I felt the slight tinge of anger in my voice when I said it….and I noticed something.
I’m still pissed off.
We used to date. This much should be obvious by now. We used to date for a WHILE. On and off. “You’re great” one day, “fuck, I really hate you” the next. I didn’t really know what I was angry about, but I took a little time during the aforementioned conversation and on the train ride home to figure it out.
I was mostly upset with myself.
We have been done since May; when I say “done” I mean, we literally don’t speak. I bought that situation back into life(during one of our multiple stretches of not being cool), knowing it was the absolutely wrong decision to make. The reason it wasn’t a good idea….well, I may not have enough time to explain. To put it plainly, constantly breathing life into a corpse of a situation like the one we had, was top 5 stupid. We are a solid fit on a certain level, but our difference in ideologies/completely contrasting life experiences lead to resentment. Add in the leftover anger from our constant splits and long gaps of not speaking, and of course it’s a mess.
But knowing all that, I still did it. I still visited.
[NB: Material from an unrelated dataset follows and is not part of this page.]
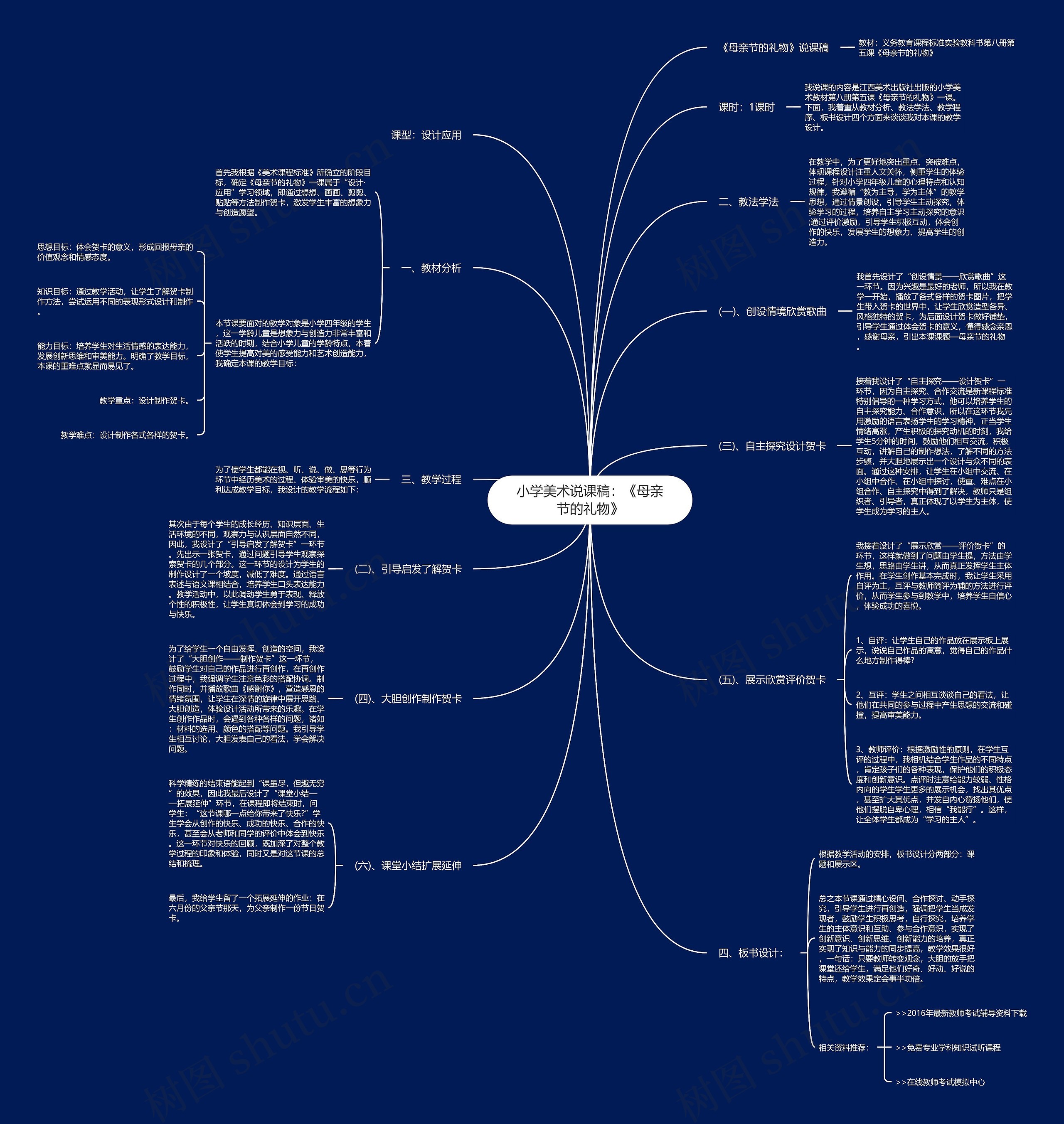 小学美术说课稿:《母亲节的礼物》思维导图高清图 小学美术说课稿:《母亲节的礼物》思维导图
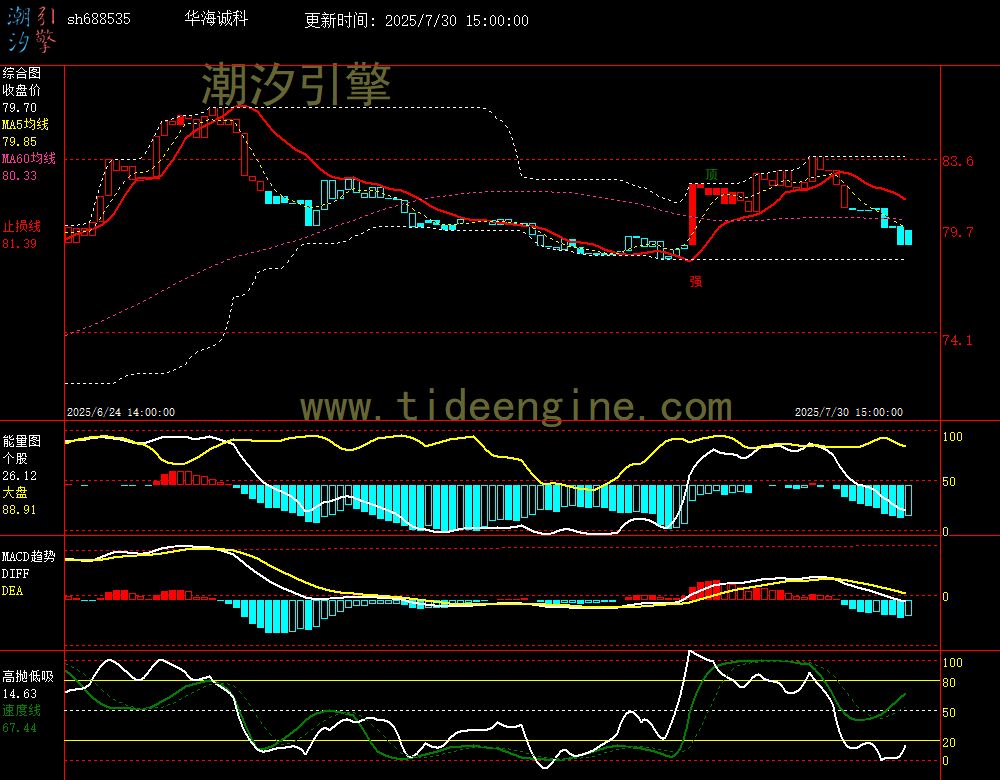 sh688535_60M.jpg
I still gave her a weekend of my time. Predictably, it didn’t go too well. I was super lonely and kind of bewildered by life; I grabbed for what I knew, for what I could trust. I didn’t really tell my friends what I was doing because I knew they would scold me, and I wasn’t trying to hear that shit. In just about every friend circle I have, I am the one who makes the rational, well thought out decision. Yet, here I am, messing with my former fellow intern who really doesn’t even like me anymore. All because I wanted to be comforted and be amongst something familiar to me. But don’t get me wrong; she definitely held me down and kept me focused when a lot of other people wouldn’t, or couldn’t. So I also felt…indebted in a way.
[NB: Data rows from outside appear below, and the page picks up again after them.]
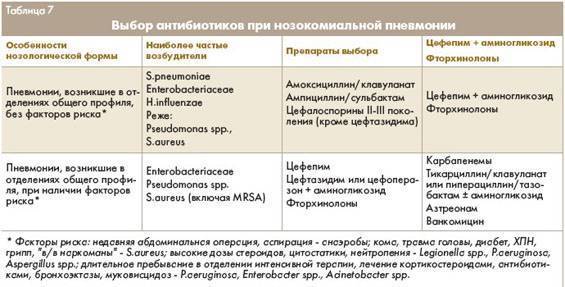 Наиболее эффективные антибиотики при пневмонии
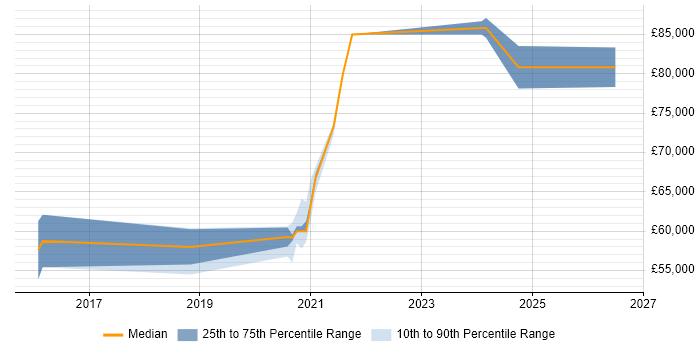 Salary distribution trend for jobs in West Sussex citing OAuth2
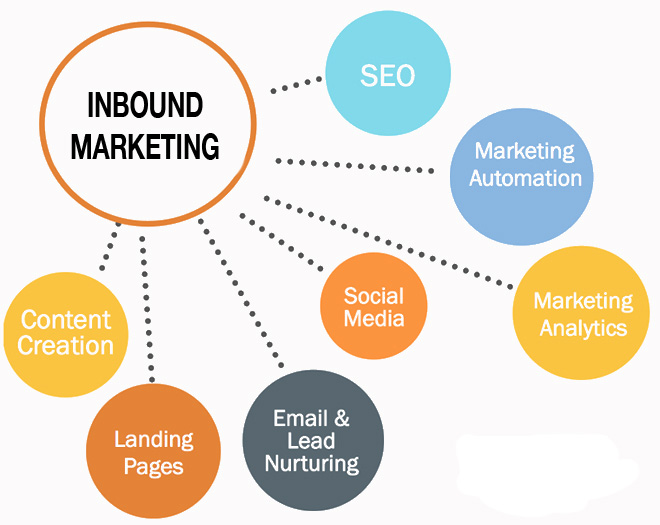 Inbound Marketing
I was there for 3 nights and 2 days. So I’m trying to spend time with her and….she kinda doesn’t care. I passed on a party back home to come out here for her. I told her “yeah I moved some plans around a little to come out”…..she turned, looked me in the eye and said….
“Don’t change your plans for me.”
This was after asking em to come see her for MONTHS. I get it though; she got to the point of no longer caring; she had to wait too long.
That was it. No “thanks for doing that”, no fake concern, nothing. Just “don’t do it”. I was taken aback and I kind of started to scramble to save face/find out why she felt that way, but that was a waste. Nothing to explain. She no longer feels you like that, and you probably should’ve stayed in NYC. But that was early on in the trip; I was in for the long haul now.
I went to my friend’s birthday celebration that afternoon. It was fantastic; I got to see my dude happy, it felt like undergrad again. I was on a roof, my shirt was inappropriately buttoned , I drank Ciroc out of a bottle for some reason, I had too much pineapple and rum; wins all around. Except………me and the girl in question were supposed to go to the movies after this party. I told her I wouldn’t be too drunk when she came to get me.
I stepped outside, I couldn’t even see the street, let alone her car. All I remember is throwing up out of the passenger side A LOT, her stopping at a gas station, then me barely taking my clothes off and going to sleep. I also vividly remember saying “I’m sorry” until I felt stupid. I was super embarrassed.
I go out, I get drunk, I am somewhat of a hooligan. But I rarely, RARELY throw up. I also don’t get belligerent and ridiculous very often. I was all of the above, and I hated myself for it. Since I NEVER do this, especially when I made a promise concerning a later engagement…..something was amiss. Looking back, I think I was really stressed about “our” situation and subconsciously tried to drink it away. What we needed wasn’t another date; we needed to stop this shit for the both of us. I also DEFINITELY planned to have sex that night, but no one is climbing on me with vomit breath and a dirty ass shirt. I was also, too drunk to have sex. I’ve literally been too drunk for sex TWICE in my life, this being the second time. If I can breathe, I’m going to put it in there. Not the case that night, and I’m sort of glad it went that way. Sexual contact only would’ve worsened what was already a mess.
The next day was awkward. We ate. We watched movies. We argued about some super stupid shit that she offended me with. I got on that bus home and knew it was over. I felt a little sad because clearly, I cared to some level (and it ended so abruptly and terribly). But I felt more of a relief, because I knew I was in the wrong place, with the wrong person. A few days into that next week, I was at peace with it. Well really, mostly at peace. Her name being bought up this weekend allowed me to finally forgive myself for whatever strife I put her and (REALLY) myself through. Life has looked up since, and I am thankful for that.